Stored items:
+ + + + +

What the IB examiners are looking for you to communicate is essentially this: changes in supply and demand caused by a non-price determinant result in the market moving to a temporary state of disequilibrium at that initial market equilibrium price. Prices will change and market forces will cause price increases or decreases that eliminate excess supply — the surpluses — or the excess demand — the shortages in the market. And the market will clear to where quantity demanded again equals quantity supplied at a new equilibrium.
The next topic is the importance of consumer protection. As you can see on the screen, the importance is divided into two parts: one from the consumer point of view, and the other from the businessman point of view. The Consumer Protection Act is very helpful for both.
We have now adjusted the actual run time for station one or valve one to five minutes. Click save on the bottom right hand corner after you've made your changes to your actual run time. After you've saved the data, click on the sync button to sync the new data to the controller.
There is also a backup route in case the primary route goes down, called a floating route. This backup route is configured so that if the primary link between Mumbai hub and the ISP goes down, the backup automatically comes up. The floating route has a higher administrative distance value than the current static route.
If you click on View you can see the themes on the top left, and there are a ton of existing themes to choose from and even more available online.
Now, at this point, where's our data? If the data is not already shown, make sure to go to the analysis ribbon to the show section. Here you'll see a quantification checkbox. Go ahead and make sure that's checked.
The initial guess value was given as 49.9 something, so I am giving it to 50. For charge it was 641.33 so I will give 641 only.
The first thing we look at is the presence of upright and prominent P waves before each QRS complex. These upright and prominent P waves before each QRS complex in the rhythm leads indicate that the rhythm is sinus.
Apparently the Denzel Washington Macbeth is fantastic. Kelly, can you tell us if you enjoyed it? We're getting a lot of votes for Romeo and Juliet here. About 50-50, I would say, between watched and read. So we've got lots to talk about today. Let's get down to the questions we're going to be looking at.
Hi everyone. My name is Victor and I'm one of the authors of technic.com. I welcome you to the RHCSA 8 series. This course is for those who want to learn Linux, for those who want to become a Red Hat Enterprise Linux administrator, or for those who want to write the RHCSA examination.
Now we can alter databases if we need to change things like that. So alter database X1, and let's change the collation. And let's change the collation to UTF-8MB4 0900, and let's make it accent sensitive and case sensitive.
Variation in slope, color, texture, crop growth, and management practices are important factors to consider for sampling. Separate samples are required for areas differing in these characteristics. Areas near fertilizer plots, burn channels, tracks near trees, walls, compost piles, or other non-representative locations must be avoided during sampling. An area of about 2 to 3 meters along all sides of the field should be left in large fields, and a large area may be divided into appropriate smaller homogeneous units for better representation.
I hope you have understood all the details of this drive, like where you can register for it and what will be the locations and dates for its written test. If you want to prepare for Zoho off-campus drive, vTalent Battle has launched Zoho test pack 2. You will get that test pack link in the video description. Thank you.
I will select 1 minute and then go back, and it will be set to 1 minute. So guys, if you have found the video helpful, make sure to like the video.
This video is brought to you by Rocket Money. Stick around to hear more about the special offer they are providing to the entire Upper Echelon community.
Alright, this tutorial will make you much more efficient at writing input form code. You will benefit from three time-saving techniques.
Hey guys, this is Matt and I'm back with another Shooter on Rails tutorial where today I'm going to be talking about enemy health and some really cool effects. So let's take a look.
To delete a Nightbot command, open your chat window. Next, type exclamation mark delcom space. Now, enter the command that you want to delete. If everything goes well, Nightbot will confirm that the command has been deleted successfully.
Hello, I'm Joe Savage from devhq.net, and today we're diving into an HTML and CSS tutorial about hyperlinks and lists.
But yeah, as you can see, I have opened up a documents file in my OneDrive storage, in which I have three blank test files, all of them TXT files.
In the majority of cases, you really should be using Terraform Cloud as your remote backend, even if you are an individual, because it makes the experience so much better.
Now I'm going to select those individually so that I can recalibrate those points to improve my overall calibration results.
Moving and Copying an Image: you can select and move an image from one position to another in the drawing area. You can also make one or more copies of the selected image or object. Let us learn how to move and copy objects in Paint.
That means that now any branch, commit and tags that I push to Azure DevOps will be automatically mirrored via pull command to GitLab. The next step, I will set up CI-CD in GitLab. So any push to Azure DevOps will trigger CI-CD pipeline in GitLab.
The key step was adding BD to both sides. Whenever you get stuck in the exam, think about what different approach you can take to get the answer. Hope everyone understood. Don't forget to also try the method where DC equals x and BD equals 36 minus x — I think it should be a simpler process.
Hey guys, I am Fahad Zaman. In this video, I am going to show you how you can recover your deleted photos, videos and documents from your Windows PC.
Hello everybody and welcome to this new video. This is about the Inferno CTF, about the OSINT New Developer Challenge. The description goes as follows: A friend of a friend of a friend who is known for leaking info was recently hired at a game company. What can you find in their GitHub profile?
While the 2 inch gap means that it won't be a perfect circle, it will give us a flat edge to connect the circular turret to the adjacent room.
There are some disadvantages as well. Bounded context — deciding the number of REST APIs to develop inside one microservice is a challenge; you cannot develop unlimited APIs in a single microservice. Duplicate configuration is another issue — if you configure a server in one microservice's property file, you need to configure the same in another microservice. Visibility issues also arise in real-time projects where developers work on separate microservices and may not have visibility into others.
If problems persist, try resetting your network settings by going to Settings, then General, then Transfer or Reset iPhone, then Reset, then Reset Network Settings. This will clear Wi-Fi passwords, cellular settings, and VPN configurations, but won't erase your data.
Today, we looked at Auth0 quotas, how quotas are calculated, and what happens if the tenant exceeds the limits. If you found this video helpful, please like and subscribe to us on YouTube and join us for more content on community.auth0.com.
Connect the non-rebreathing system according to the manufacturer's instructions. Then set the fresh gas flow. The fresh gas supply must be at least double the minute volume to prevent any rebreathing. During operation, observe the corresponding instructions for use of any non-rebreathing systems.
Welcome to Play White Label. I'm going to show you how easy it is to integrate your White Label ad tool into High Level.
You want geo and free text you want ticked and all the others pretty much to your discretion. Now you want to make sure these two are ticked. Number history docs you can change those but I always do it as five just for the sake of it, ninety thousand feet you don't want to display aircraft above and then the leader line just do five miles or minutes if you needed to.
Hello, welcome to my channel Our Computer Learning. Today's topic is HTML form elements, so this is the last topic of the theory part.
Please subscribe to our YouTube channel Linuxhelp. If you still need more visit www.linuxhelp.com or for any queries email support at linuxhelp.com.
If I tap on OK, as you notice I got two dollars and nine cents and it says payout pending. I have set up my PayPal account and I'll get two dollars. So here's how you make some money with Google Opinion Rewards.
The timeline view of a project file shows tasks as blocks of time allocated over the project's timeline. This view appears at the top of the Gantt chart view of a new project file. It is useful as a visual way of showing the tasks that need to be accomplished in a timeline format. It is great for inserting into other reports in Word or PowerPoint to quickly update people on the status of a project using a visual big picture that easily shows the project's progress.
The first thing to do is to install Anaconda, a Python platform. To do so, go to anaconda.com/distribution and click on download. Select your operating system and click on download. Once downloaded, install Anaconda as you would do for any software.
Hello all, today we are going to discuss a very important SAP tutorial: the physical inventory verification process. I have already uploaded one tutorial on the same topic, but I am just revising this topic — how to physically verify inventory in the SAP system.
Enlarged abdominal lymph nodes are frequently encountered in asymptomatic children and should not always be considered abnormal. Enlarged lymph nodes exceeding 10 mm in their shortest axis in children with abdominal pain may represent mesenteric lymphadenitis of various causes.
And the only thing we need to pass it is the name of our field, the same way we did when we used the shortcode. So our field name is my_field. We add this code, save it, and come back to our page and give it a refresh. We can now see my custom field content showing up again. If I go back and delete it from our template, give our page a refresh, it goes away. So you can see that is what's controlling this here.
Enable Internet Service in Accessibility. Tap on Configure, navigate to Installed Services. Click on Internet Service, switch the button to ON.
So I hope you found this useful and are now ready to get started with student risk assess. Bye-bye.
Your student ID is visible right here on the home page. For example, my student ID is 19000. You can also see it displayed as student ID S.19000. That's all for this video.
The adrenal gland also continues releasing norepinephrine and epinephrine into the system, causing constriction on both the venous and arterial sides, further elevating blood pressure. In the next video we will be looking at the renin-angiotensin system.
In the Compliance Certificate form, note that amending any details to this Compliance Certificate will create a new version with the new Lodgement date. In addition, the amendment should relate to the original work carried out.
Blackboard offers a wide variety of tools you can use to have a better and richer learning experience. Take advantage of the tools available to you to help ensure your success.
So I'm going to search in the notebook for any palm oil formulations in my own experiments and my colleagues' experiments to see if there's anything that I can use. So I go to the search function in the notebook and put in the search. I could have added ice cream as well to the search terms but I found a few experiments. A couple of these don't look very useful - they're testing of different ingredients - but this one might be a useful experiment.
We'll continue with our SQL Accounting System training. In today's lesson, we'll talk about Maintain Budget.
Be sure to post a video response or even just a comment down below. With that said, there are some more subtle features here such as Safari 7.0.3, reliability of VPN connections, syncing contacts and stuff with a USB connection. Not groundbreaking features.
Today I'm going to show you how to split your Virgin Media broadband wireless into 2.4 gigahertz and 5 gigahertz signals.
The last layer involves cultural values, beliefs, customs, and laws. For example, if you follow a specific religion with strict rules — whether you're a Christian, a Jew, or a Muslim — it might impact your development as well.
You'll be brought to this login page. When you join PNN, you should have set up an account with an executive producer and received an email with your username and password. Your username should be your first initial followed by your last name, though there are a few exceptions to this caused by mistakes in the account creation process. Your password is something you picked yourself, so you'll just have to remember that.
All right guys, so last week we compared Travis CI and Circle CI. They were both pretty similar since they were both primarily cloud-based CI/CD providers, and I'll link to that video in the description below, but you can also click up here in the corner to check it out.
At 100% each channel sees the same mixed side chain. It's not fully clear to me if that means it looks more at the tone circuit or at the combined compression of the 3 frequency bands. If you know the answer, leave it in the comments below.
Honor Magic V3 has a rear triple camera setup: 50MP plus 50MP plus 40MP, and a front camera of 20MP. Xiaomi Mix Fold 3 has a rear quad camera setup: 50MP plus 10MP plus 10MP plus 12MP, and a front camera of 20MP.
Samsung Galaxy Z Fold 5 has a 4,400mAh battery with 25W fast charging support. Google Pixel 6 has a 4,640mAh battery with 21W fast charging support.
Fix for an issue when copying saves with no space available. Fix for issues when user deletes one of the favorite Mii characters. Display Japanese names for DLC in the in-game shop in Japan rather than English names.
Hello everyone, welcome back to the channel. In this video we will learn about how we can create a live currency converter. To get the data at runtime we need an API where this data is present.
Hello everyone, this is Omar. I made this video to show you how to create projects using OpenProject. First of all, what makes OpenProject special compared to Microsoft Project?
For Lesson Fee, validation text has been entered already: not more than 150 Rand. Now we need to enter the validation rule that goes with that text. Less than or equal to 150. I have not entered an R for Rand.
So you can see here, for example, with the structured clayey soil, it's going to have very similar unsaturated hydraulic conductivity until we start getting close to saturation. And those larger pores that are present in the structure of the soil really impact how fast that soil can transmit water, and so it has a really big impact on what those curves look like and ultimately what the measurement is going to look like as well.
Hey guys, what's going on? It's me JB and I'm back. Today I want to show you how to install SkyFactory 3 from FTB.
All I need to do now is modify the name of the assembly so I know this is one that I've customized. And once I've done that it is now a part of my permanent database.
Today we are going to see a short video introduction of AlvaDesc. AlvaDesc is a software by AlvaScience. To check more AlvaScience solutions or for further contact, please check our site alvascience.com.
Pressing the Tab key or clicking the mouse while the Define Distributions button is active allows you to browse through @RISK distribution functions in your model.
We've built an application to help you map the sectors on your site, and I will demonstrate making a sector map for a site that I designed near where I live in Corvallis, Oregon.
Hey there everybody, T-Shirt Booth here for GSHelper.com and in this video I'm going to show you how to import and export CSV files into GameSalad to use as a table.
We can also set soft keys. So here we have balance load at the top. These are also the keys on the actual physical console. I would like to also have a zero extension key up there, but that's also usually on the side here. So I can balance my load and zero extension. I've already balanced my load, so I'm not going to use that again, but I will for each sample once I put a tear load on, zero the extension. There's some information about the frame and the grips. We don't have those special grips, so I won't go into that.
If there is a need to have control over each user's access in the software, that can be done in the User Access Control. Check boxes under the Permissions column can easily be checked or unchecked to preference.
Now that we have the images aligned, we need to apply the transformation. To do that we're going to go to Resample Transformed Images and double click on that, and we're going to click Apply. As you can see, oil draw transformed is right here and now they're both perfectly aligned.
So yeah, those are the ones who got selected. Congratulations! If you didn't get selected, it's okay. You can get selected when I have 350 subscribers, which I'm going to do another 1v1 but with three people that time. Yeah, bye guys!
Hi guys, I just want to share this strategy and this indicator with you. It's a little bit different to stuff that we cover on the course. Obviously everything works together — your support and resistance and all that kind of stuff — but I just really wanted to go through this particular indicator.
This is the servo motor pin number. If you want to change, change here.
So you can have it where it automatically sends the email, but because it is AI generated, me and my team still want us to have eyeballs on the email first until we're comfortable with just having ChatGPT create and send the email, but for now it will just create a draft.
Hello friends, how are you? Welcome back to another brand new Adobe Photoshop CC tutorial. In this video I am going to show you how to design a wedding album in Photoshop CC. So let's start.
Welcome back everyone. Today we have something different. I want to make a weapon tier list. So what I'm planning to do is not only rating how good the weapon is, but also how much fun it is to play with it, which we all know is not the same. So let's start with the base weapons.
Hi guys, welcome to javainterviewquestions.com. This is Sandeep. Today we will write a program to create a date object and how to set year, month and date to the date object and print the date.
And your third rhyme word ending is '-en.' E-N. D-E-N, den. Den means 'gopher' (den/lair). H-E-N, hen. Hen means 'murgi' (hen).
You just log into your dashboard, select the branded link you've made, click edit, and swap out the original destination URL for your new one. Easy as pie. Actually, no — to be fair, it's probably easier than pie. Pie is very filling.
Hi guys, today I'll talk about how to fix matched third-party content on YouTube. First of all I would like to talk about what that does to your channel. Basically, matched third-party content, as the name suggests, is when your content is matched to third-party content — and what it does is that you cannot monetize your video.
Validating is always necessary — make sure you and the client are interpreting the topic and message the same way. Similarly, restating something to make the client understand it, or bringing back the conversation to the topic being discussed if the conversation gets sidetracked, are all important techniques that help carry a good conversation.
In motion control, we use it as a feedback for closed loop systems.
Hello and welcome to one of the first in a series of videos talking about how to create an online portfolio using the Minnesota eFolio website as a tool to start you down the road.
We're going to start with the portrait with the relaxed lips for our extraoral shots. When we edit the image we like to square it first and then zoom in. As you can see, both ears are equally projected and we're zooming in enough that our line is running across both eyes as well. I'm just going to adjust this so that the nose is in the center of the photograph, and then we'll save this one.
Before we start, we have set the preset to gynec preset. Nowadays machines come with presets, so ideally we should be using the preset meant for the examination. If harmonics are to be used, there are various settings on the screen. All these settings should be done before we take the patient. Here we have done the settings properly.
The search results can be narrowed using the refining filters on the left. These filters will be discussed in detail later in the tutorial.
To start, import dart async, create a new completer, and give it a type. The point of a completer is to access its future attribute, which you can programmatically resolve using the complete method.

+ + + + +

▶ _WORK TASK_: Using the records above, set down exactly the lines from the one with "There is also" through the one with "The first thing we", inclusive, and nothing more.

▶ _THE ANSWER_:
There is also a backup route in case the primary route goes down, called a floating route. This backup route is configured so that if the primary link between Mumbai hub and the ISP goes down, the backup automatically comes up. The floating route has a higher administrative distance value than the current static route.
If you click on View you can see the themes on the top left, and there are a ton of existing themes to choose from and even more available online.
Now, at this point, where's our data? If the data is not already shown, make sure to go to the analysis ribbon to the show section. Here you'll see a quantification checkbox. Go ahead and make sure that's checked.
The initial guess value was given as 49.9 something, so I am giving it to 50. For charge it was 641.33 so I will give 641 only.
The first thing we look at is the presence of upright and prominent P waves before each QRS complex. These upright and prominent P waves before each QRS complex in the rhythm leads indicate that the rhythm is sinus.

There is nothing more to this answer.